Thursday, we saw an epic day in markets across the board. Equities were under immense pressure before reversing to have a huge up day. Crude oil traded over $100 per barrel before closing lower on the day. Bonds were exploding higher only to reverse and close lower.
There was no bigger story than precious metals. Gold was up trading 1980 before closing at 1880, silver almost 26 before closing under 25 and platinum well over 100 before getting hammered. What does this action mean?
Price action is always the key factor for markets. The monster rallies in gold, silver and platinum failed because they were based on fear and panic. We have written many times, spike moves up or down are based on emotions and not true markets.
Other than being ugly for metals buyers, there was no damage done to the markets. What we saw was fear that drove prices up followed, buyers disappeared forcing nervous longs to sell, which they did in force. The bottom line was basic mean reversion leaving metals in an uptrend.

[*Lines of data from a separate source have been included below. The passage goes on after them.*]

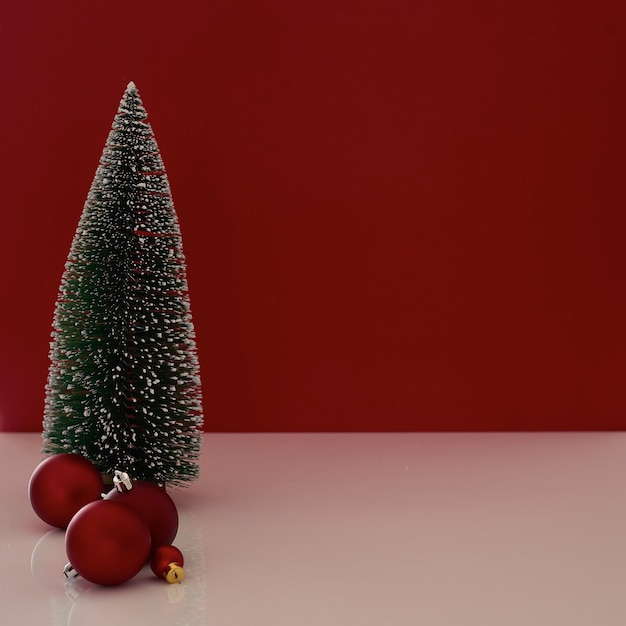 Composition with Christmas gift box with Christmas tree decoration on red background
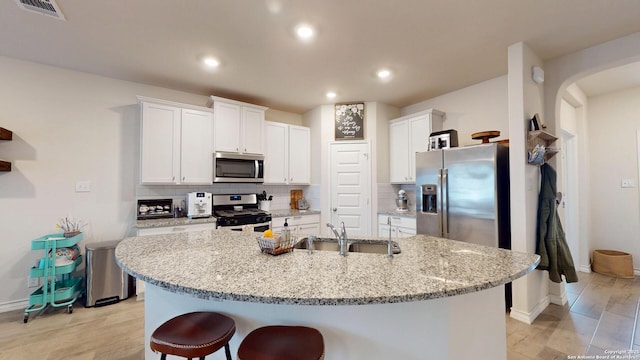 kitchen featuring visible vents, decorative backsplash, stainless steel appliances, white cabinetry, and a sink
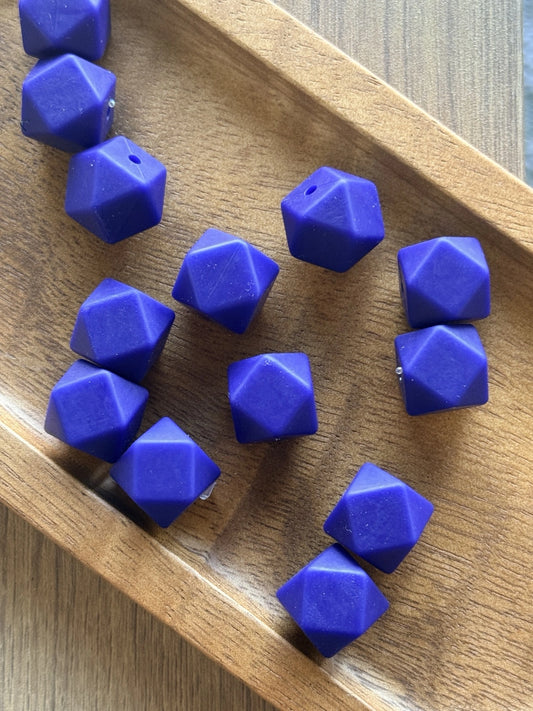 Sapphire Tide 14mm silicone hexagon beads displayed in a wooden tray. These faceted sapphire blue silicone beads are available in 5-count and 10-count bags for beadable pens, keychains, wristlets, badge reels, and DIY craft projects.
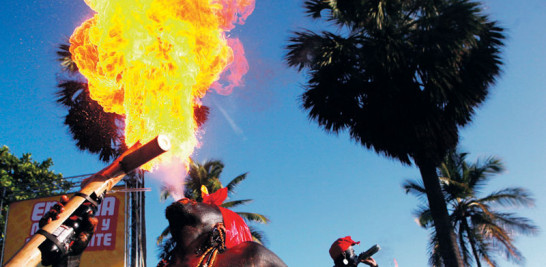 04/03/2012. Dos hombres lanzan fuego durante su participación en el Gran Desfile Nacional de Carnaval en Santo Domingo. EFE/Orlando Barría.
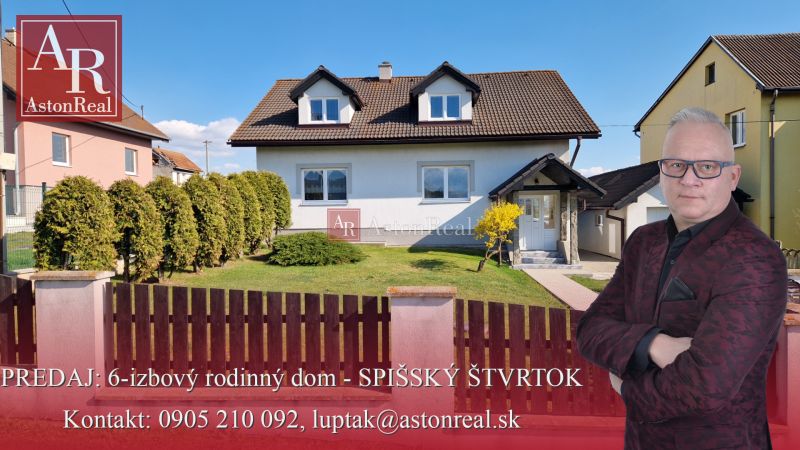 A family house in Spišský Štvrtok with a garage, garden, and landscaped exterior.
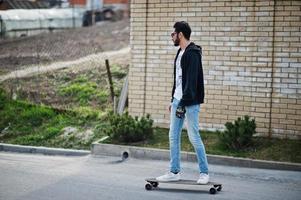 homem árabe de estilo de rua em óculos com longboard longboard na estrada. foto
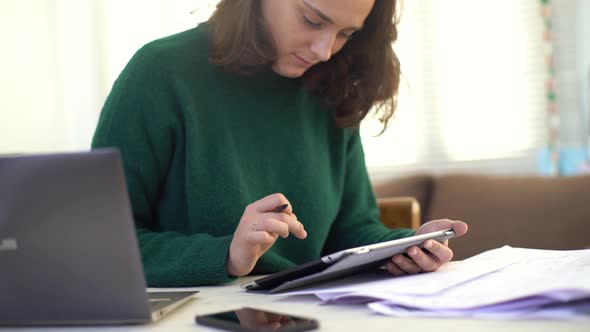 Young woman using digital tablet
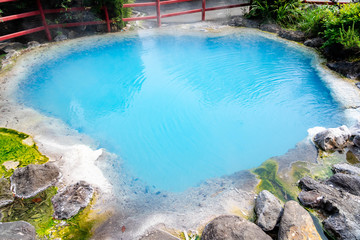 Kamado cooking pot Hell Beppu Onsen in cobalt blue Gokuraku paradise district, so beautiful hot spring in light blue color at Oita, Japan.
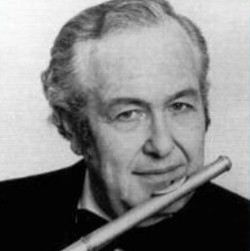 A man in a tuxedo holding a flute, ready to play music at a formal event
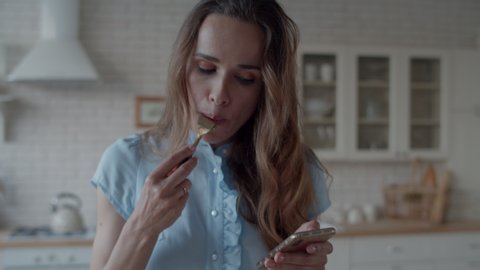 Closeup business woman having lunch in modern kitchen. Attractive lady checking message on phone during lunch at home. Portrait of goodlooking girl eating salad in kitchen in slow motion.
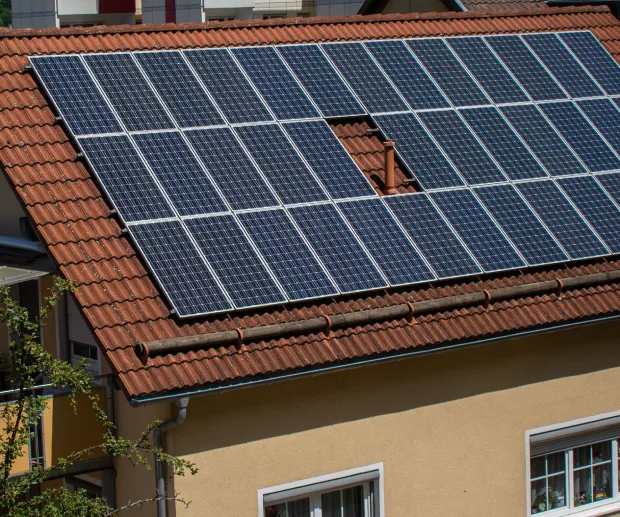 House with solar panels installed on a red-tiled roof.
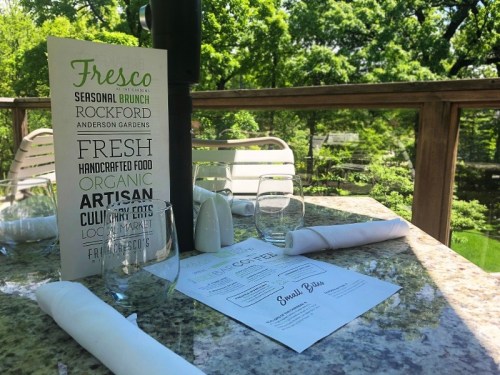 A table set for dining outdoors, featuring menus, glasses, and napkins, surrounded by greenery.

Precious metals should be owned on a physical basis with capital that is not needed tomorrow or anytime soon. Trading should be done with paper, knowing that we can trade either side without emotions.
In all markets, price action determines what will happen in the next day, week, or month. Keep the two strategies separate. The worst trade anyone can make is turning a trade into an investment hoping for a way out. Traders must learn to take their losses and move on to the next trade.
Patience, discipline, and money management always win the day. Let the map of the markets show you the way.